Stored records
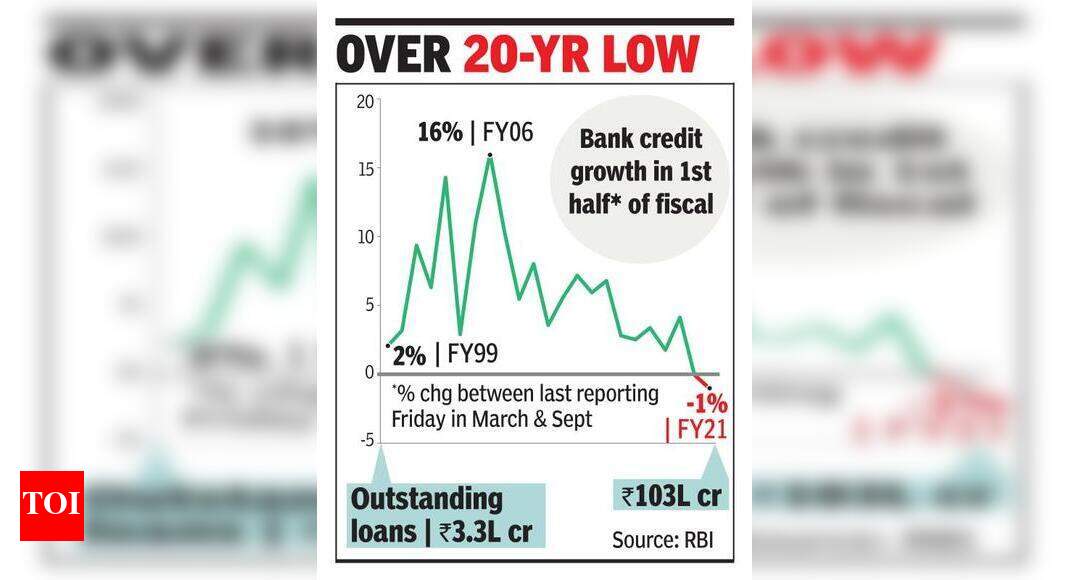 Corp credit dips, individual loans grow Times of India
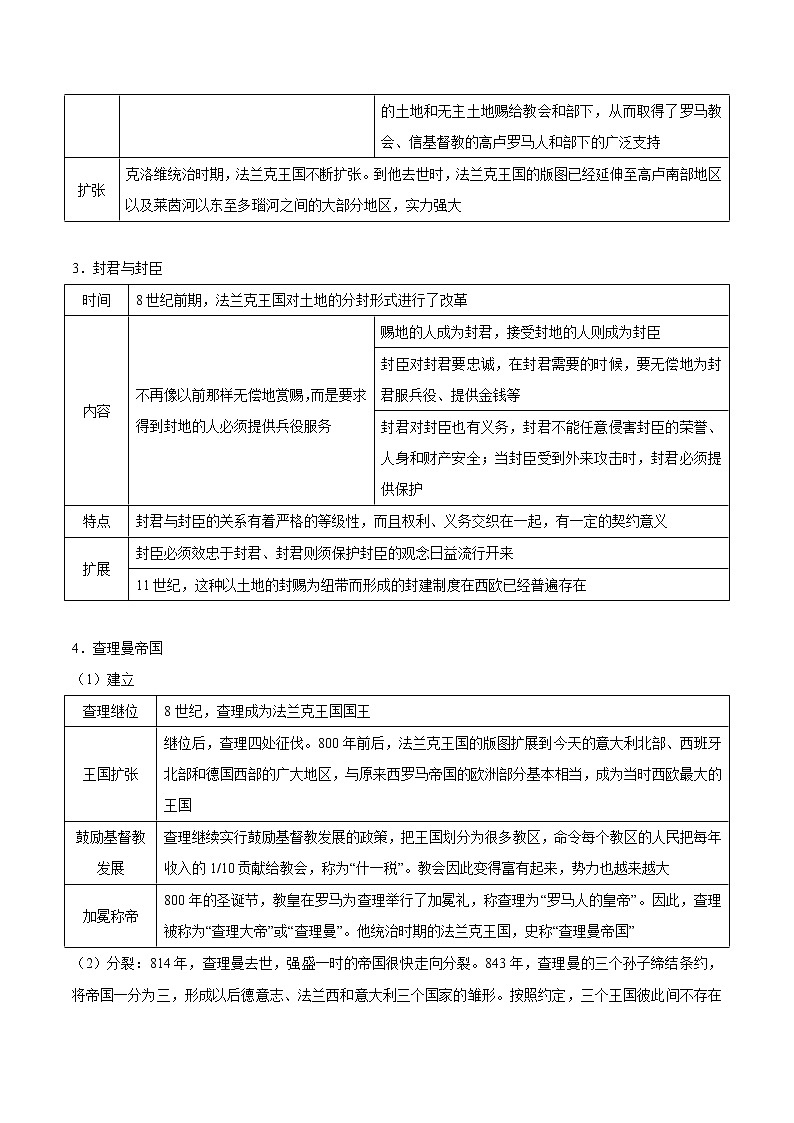 初中历史中考复习 考点19 封建时代的欧洲和亚洲国家-备战2020年中考历史考点一遍过第2页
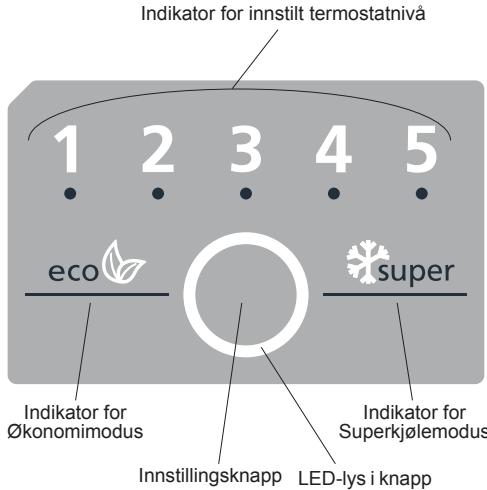SHARP SJ-BA101IMXI1 - Skjerm og kontrollpanel (Innvendig display / innvendig romkontroll) - 1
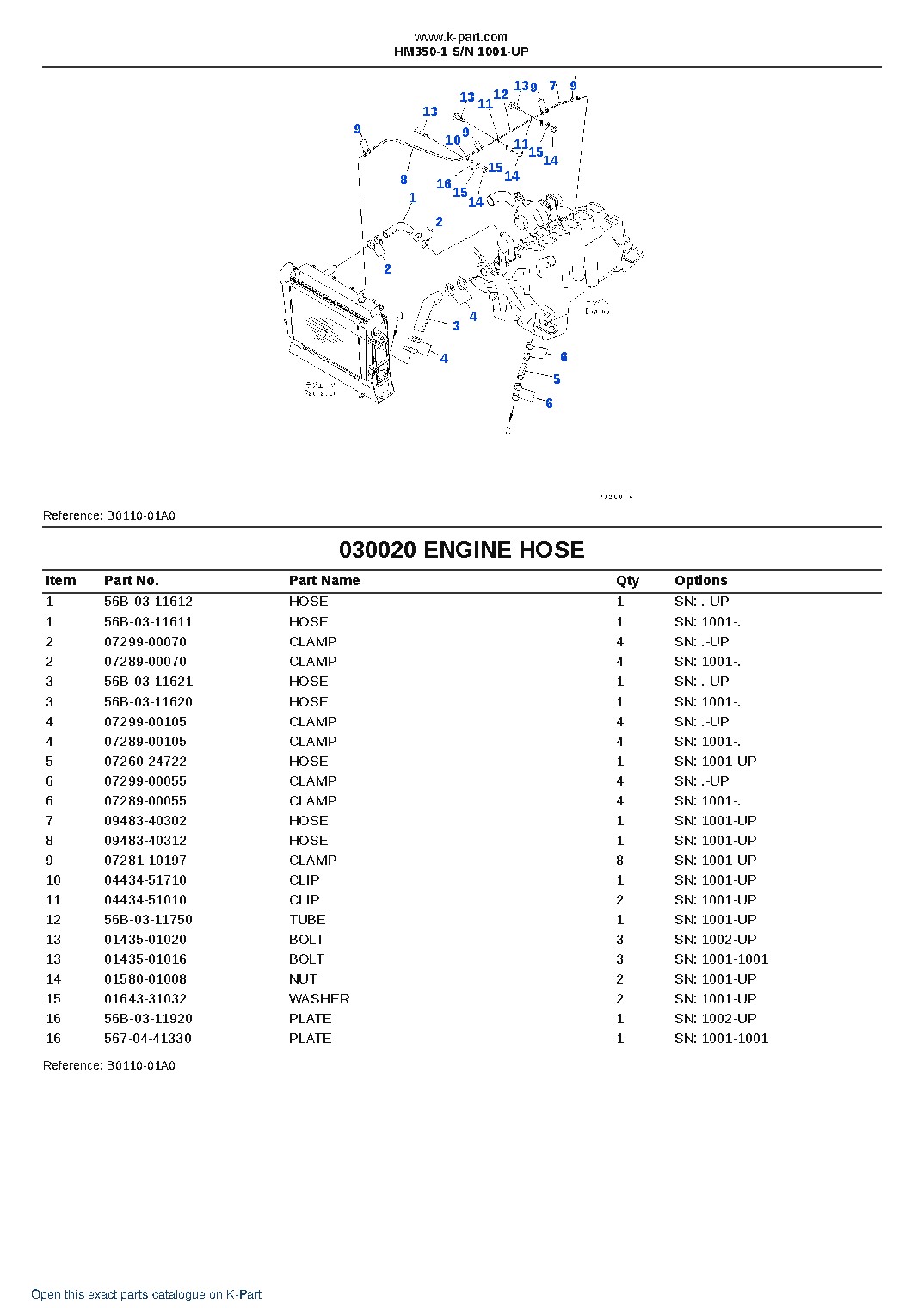 HM350-1 S/N 1001-UP – sample page 2 HM350-1 S/N 1001-UP – sample page 2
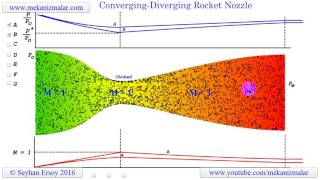 converging diverging rocket nozzle [upl. by Elocel]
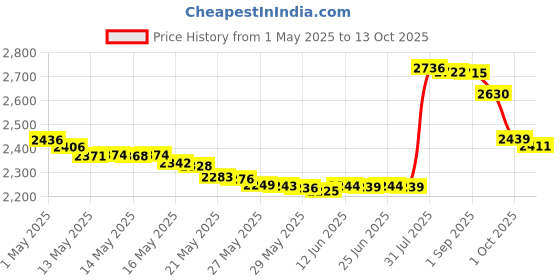 amazon.in Coleman Skin Smart Aerosol Insect Repellant coleman Price History Graph from 1 May 2025 to 13 Oct 2025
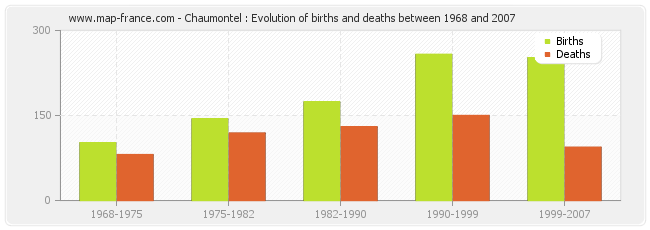 Chaumontel : Evolution of births and deaths between 1968 and 2007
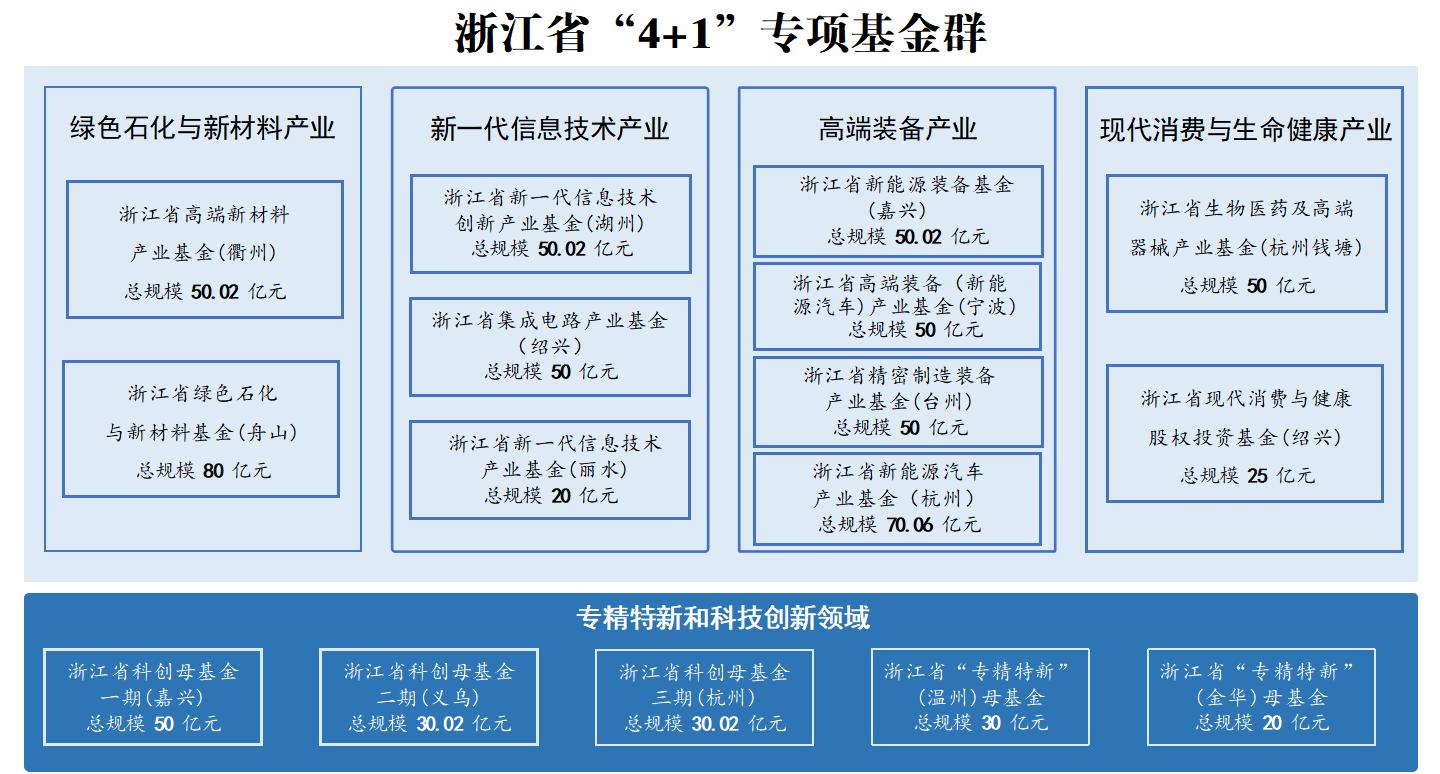 浙江省“4+1”专项基金群版图_03.jpg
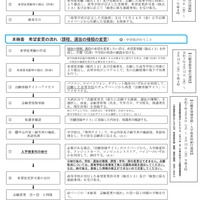 インターネット出願による志願者の志願または希望の変更の流れ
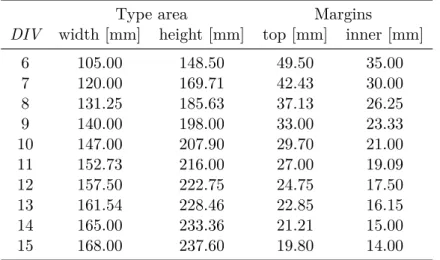 Table 2.1.: Type area dimensions dependent on DIV for A4 regardless of \topskip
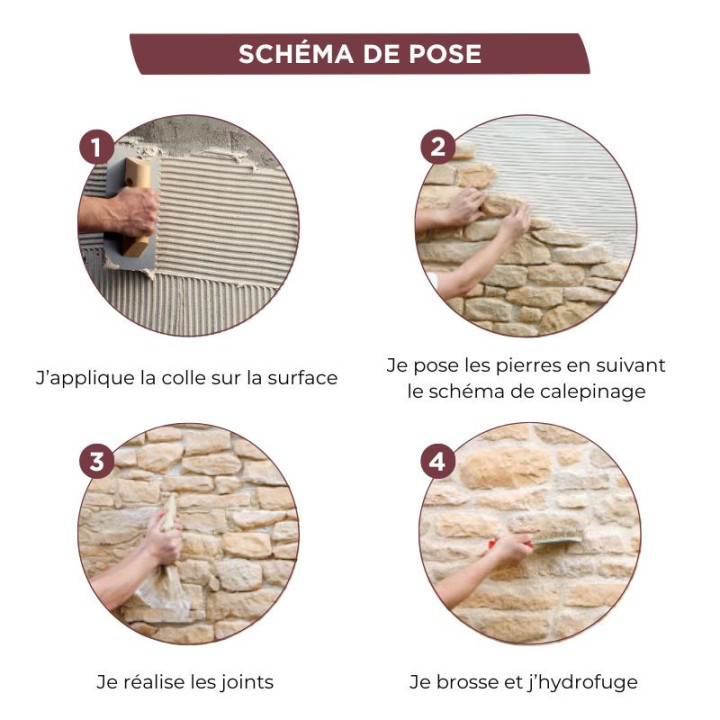 Schéma de pose parement avec joint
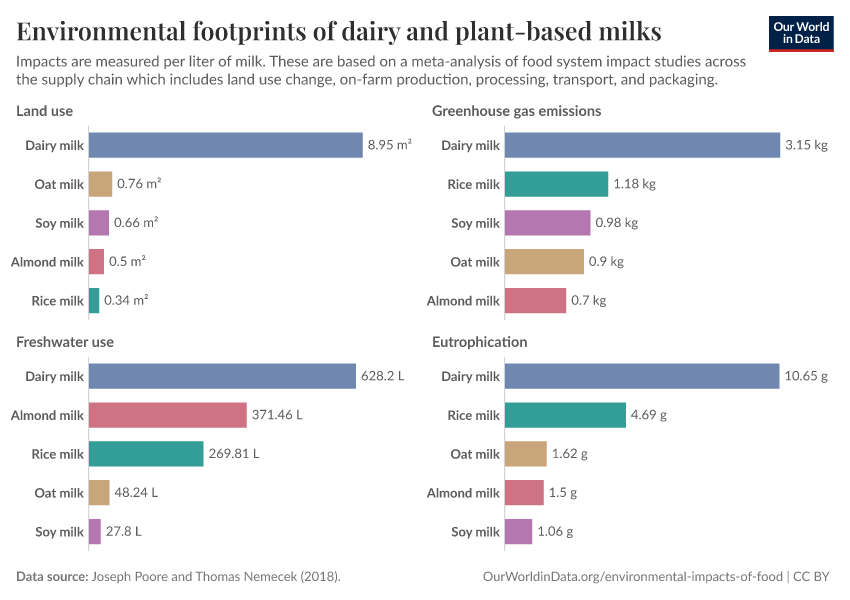 A thumbnail of the "Environmental footprints of dairy and plant-based milks" chart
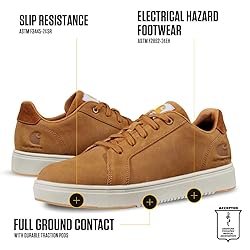 Carhartt Detroit Leather Sneakers for Men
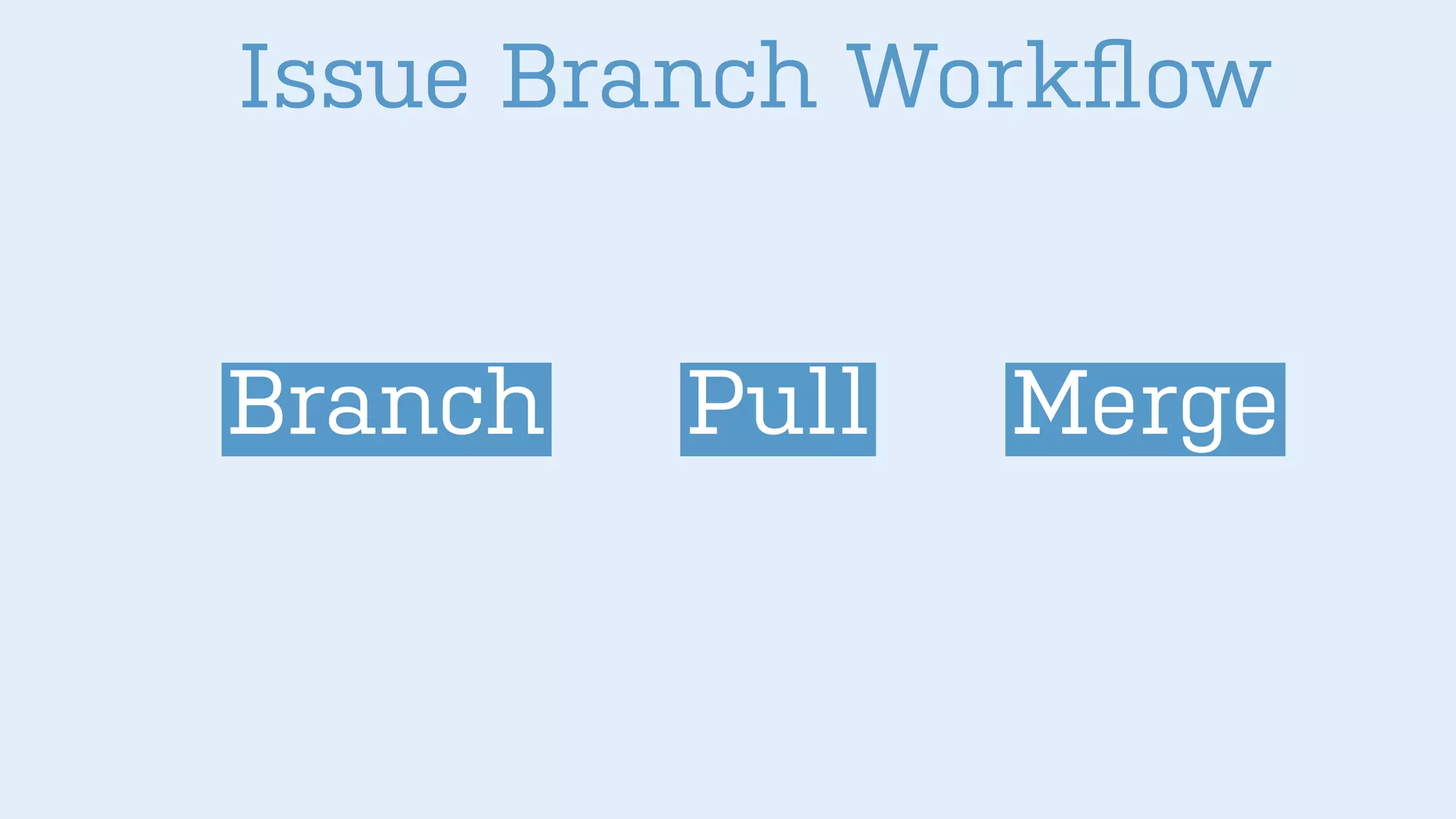 Issue Branch Workﬂow
Branch Pull Merge
 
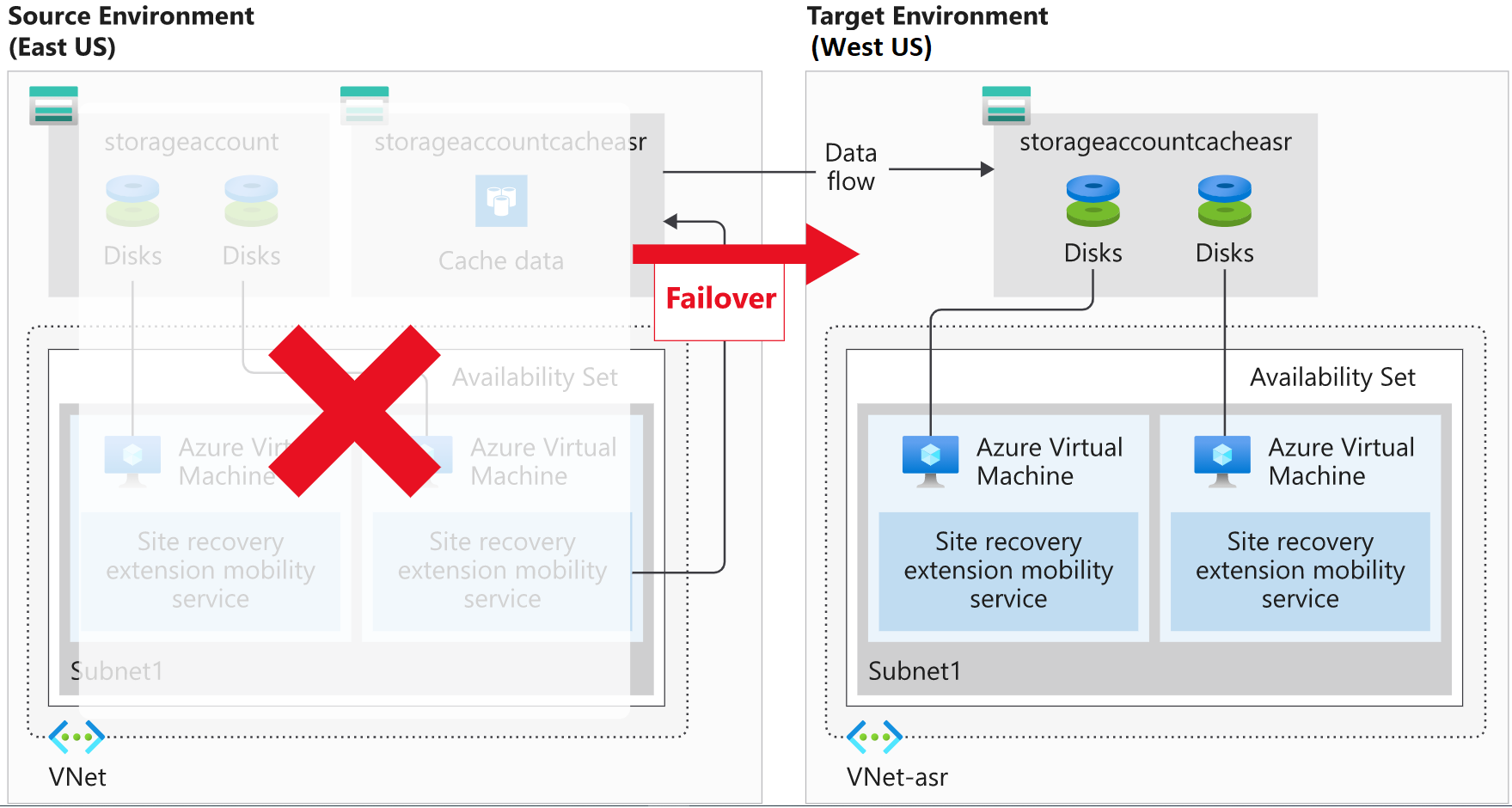 Diagram showing a VM environment that is unavailable and failing over to a secondary environment.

> WORK REQUEST: Exactly as written, reproduce all of the entries while dropping the pictures.

> ANSWER TO THIS TASK:
 Corp credit dips, individual loans grow Times of India
 初中历史中考复习 考点19 封建时代的欧洲和亚洲国家-备战2020年中考历史考点一遍过第2页
SHARP SJ-BA101IMXI1 - Skjerm og kontrollpanel (Innvendig display / innvendig romkontroll) - 1
 HM350-1 S/N 1001-UP – sample page 2 HM350-1 S/N 1001-UP – sample page 2
 converging diverging rocket nozzle [upl. by Elocel]
 amazon.in Coleman Skin Smart Aerosol Insect Repellant coleman Price History Graph from 1 May 2025 to 13 Oct 2025
 Chaumontel : Evolution of births and deaths between 1968 and 2007
 浙江省“4+1”专项基金群版图_03.jpg
 インターネット出願による志願者の志願または希望の変更の流れ
 Table 2.1.: Type area dimensions dependent on DIV for A4 regardless of \topskip
 Schéma de pose parement avec joint
 A thumbnail of the "Environmental footprints of dairy and plant-based milks" chart
 Carhartt Detroit Leather Sneakers for Men
 Issue Branch Workﬂow
Branch Pull Merge
 
 Diagram showing a VM environment that is unavailable and failing over to a secondary environment.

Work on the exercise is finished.